The uncharted Arctic region is a mysterious and alluring area of the earth that has long captivated people’s minds. But, more than its aesthetic value, several countries, including the US, Canada, and Russia, view it as strategically significant.
The Arctic has significant reserves of oil, gas, and other natural resources that are yet to be fully explored. In the future, it could also be a key shipping route, connecting the Atlantic and Pacific oceans and potentially saving millions in transportation costs.
As the ice continues to melt, the Arctic is becoming increasingly accessible, making it a crucial area for these nations. However, the nations are not ready to share the terrain with each other.
The battle for control over the Arctic region has intensified in recent years, with the US, Canada, and Russia all staking their claims. The US and Canada claim that the Arctic should be an international waterway, while Russia claims the emerging Sea Route as its own.
The Russian might in the Arctic
In 2007, Russia claimed a vast underwater area of the Arctic seabed, triggering tensions with the US and Canada, who protested that it violated international law and encroached on their own territorial waters.
In 2019, the US and Canada submitted their own competing claims to the UN, further inflaming the dispute. However, the issue has now been settled, and media reports indicate that the Commission on the Limits of the Continental Shelf (CLCS) has approved Russia’s claims to seabed rights in the central Arctic Ocean.
This gives Russia legal rights to a staggering 1.7 million square kilometres of seabed, extending from the exclusive economic zone of the Russian Federation across the North Pole to the exclusive economic zones of Canada and Greenland, which is part of the Kingdom of Denmark.

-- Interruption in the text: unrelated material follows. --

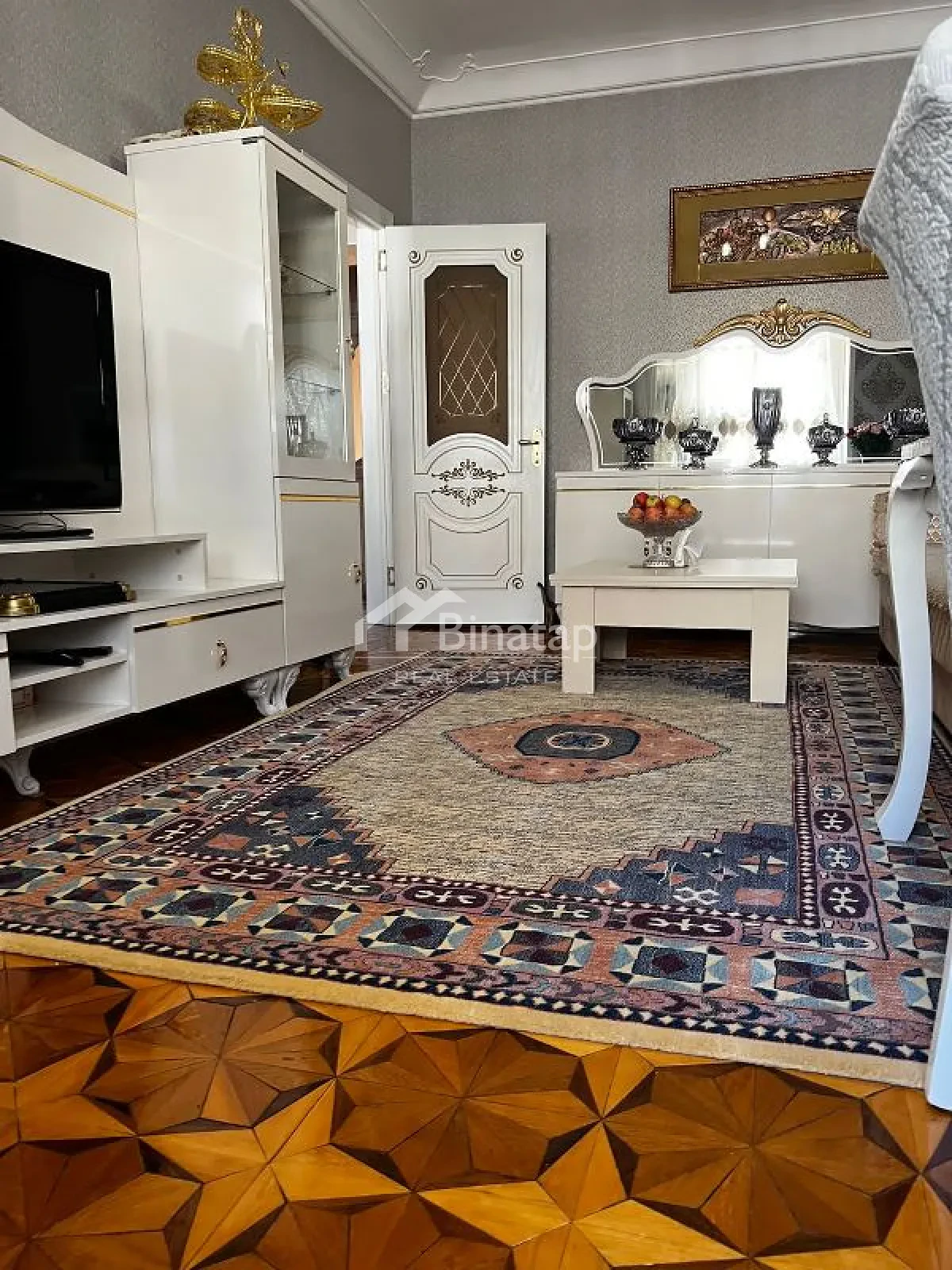 3 otaqlı köhnə tikili 70 m², Yasamal r. — şəkil 3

This outcome deals a major blow to the US and Canada, who now face the reality of a dominant Russia in the race for control over the Arctic’s valuable resources. With an estimated 13% of the world’s untapped oil and 30% of undiscovered natural gas reserves, the Arctic remains a valuable prize for Russia.

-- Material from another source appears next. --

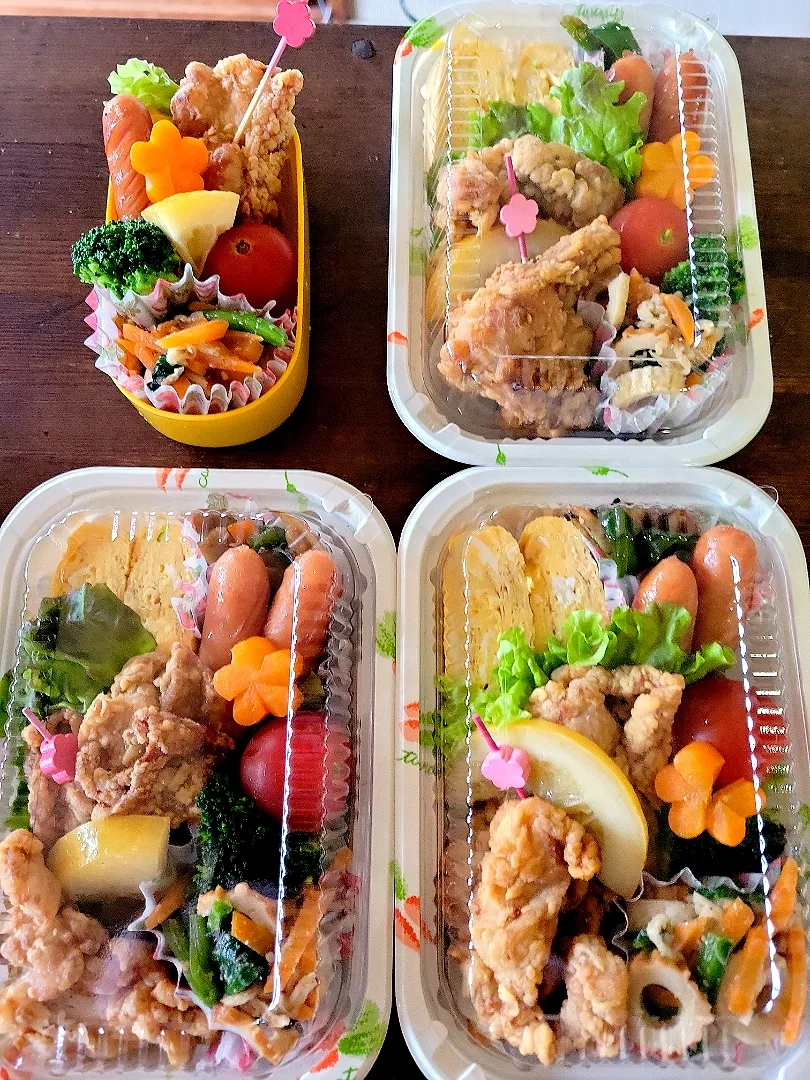 登山弁当|あぴもんさん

Read More: Now, Canada is in Russia’s line of fire
Not only this, but Russia is also actively building up its military presence in the area. In 2020, Russia announced plans to build 13 new military bases in the Arctic, sparking criticism from other nations that view it as a threat to regional stability.

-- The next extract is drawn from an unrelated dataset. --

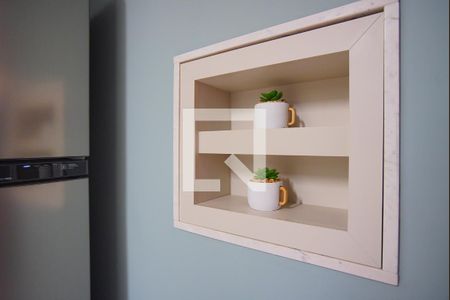 Apartamento à venda com 67m², 2 quartos e 2 vagasCozinha - Churrasqueira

Moreover, Russia recently conducted several military drills with allies to show its hegemony in the Arctic.
Russia’s Arctic capabilities are also unrivalled, with over 40 icebreakers currently in operation and more being built. In contrast, the US only has two Arctic-capable icebreakers, both of which are increasingly prone to breakdowns and fires.
Read More: Canada may lose the Arctics to its own allies in the coming 10 years
The Arctic security game just got more interesting! Western allies have suffered a major defeat as Russia secures validation of its extended continental shelf claim, leaving them in the icy cold. It’s time to face the music, Russia now rules the Arctic, and the West will just have to find a way to deal with it.